Emergent abilities and grokking: Fundamental, Mirage, or both?
Windows On Theory 2023-12-22
One of the lessons we have seen in language modeling is the power of scale. The original GPT paper of Radford et al. noted that at some point during training, the model “acquired” the ability to do sentiment analysis of a sentence X by predicting whether it is more likely to be followed by “very negative” or “very positive.” As they trained the model, at some point, the zero-shot performance “jumped” significantly. Of course, as Radford et al. noted, their approach required “an expensive pre-training step—1 month on 8 GPUs.”

The GPT-2 paper showed the benefits of scale. As they say, GPT-2 was a scaled-up version of GPT with about ten times the parameters and ten times the data. This scaling up led to qualitatively new capabilities. In particular, not just better “zero-shot” performance but also the ability to generate long coherent texts (see below). And, of course, GPT-3 and GPT-4 showed even more the benefits of scale.
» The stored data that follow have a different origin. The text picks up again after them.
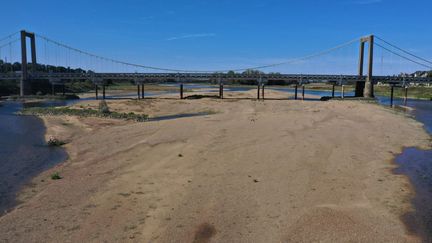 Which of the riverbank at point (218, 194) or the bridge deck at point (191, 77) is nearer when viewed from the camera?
the riverbank at point (218, 194)

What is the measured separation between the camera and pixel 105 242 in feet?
26.5

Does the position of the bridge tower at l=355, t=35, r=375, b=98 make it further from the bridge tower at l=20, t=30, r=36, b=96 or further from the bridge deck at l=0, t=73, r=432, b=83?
the bridge tower at l=20, t=30, r=36, b=96

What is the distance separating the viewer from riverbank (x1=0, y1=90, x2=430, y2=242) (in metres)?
8.74

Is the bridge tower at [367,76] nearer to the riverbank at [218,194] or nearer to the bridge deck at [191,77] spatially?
the bridge deck at [191,77]

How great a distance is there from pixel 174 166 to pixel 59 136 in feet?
45.8

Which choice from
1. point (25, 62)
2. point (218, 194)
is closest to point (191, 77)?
point (25, 62)

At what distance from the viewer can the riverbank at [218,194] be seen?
28.7 ft

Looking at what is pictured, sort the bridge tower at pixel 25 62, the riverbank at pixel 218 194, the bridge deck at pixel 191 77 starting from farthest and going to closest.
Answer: the bridge tower at pixel 25 62 < the bridge deck at pixel 191 77 < the riverbank at pixel 218 194

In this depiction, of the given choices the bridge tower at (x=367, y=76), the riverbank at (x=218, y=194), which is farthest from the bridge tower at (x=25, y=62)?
the bridge tower at (x=367, y=76)

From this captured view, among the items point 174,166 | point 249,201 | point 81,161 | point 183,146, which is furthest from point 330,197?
point 81,161

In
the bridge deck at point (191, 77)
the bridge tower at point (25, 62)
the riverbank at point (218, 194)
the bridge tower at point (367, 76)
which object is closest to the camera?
the riverbank at point (218, 194)

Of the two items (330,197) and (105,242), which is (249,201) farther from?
(105,242)

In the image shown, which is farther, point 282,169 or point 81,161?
point 81,161

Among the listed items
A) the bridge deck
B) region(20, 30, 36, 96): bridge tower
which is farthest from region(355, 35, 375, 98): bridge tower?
region(20, 30, 36, 96): bridge tower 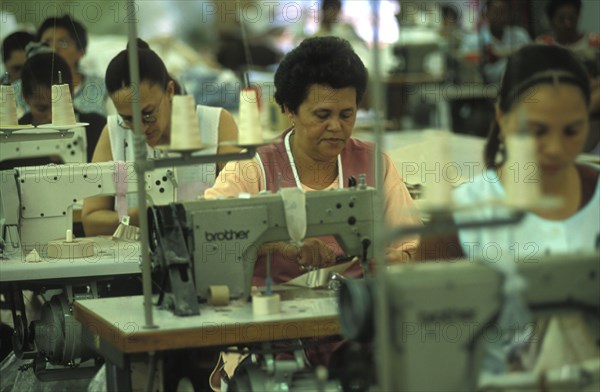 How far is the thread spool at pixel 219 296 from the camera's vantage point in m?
2.94

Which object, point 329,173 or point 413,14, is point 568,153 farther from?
point 413,14

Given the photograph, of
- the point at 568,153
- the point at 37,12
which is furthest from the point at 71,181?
the point at 37,12

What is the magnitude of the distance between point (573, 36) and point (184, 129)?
4586mm

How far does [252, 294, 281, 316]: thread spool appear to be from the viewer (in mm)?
2889

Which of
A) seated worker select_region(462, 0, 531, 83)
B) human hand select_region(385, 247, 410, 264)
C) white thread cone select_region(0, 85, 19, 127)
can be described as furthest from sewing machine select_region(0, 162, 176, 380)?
seated worker select_region(462, 0, 531, 83)

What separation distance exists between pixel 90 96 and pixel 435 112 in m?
5.82

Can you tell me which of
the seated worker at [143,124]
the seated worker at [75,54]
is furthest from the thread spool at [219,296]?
the seated worker at [75,54]

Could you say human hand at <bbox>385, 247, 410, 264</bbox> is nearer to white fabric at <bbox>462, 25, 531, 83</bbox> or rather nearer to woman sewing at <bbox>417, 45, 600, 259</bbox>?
woman sewing at <bbox>417, 45, 600, 259</bbox>

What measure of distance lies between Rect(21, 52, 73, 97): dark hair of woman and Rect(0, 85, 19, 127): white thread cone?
2.67ft

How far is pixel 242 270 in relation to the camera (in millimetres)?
3041

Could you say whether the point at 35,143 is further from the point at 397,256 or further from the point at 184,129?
the point at 397,256

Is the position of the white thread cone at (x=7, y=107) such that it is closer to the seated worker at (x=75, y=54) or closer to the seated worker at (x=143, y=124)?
the seated worker at (x=143, y=124)

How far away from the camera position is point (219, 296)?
2.95 metres

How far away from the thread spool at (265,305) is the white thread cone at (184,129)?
435 millimetres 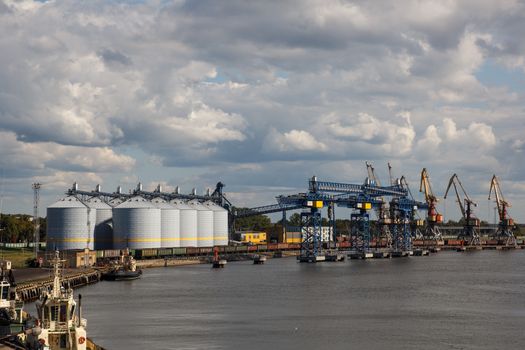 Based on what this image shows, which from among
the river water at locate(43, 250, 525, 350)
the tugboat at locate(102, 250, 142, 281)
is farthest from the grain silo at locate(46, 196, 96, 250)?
the river water at locate(43, 250, 525, 350)

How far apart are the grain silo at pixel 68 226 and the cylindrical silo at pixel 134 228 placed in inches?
271

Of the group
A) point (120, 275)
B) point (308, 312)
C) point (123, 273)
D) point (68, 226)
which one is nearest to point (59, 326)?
point (308, 312)

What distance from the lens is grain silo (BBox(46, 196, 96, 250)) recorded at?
187 meters

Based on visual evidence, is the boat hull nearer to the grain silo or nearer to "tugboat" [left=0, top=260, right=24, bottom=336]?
the grain silo

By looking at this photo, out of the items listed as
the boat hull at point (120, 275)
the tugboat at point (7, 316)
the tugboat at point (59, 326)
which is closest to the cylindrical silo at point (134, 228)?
the boat hull at point (120, 275)

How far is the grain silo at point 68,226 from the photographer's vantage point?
7377 inches

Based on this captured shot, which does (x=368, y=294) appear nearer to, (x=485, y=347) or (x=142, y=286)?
(x=142, y=286)

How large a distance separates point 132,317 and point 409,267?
366ft

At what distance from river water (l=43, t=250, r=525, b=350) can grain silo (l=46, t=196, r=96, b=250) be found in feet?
144

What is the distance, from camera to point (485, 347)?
Answer: 67250 mm

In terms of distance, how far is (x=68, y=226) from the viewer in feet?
619

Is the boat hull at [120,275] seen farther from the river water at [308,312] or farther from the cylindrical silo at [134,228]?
the cylindrical silo at [134,228]

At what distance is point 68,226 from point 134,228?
1594 centimetres

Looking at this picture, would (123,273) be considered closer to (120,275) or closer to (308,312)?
(120,275)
Wei et al. showed that such “emergent capabilities at scale” are common. The form of such “emergent capabilities” is that:
- If we plot performance as a function of training compute (on log scale), then there is a regime where performance is no better than trivial, and then at some point, it sharply increases.
- We don’t know how to predict in advance where that point will take place.

The “Grokking paper” of Power et al, also showed a dramatic improvement from chance to perfect on a synthetic setting of an algebraic task.

Are emergent abilities a mirage?
In a recent paper, Schaffer, Miranda, and Koyejo gave evidence that there may be a sense in which emergent abilities are “just a mirage” in the following sense. If we use a different metric for the task performance, then instead of an abrupt and unpredictable “jump,” we could get a smooth and predictable improvement.

Our own paper (with Edelman, Goel, Kakade, Malach, and Zhang) showed something similar too for the task of learning parities, while Nanda et al used mechanistic interpretability to give a “progress measures” for the grokking example.

One way to think about this is with the following analogy. Consider someone trying to learn how to jump over a 1-meter hurdle.

As the aspiring athlete trains, their jump height will likely increase continuously. However, if we measure their performance by their probability of passing the hurdle, we will see the “sharp transition” / “emerging ability” type of curve.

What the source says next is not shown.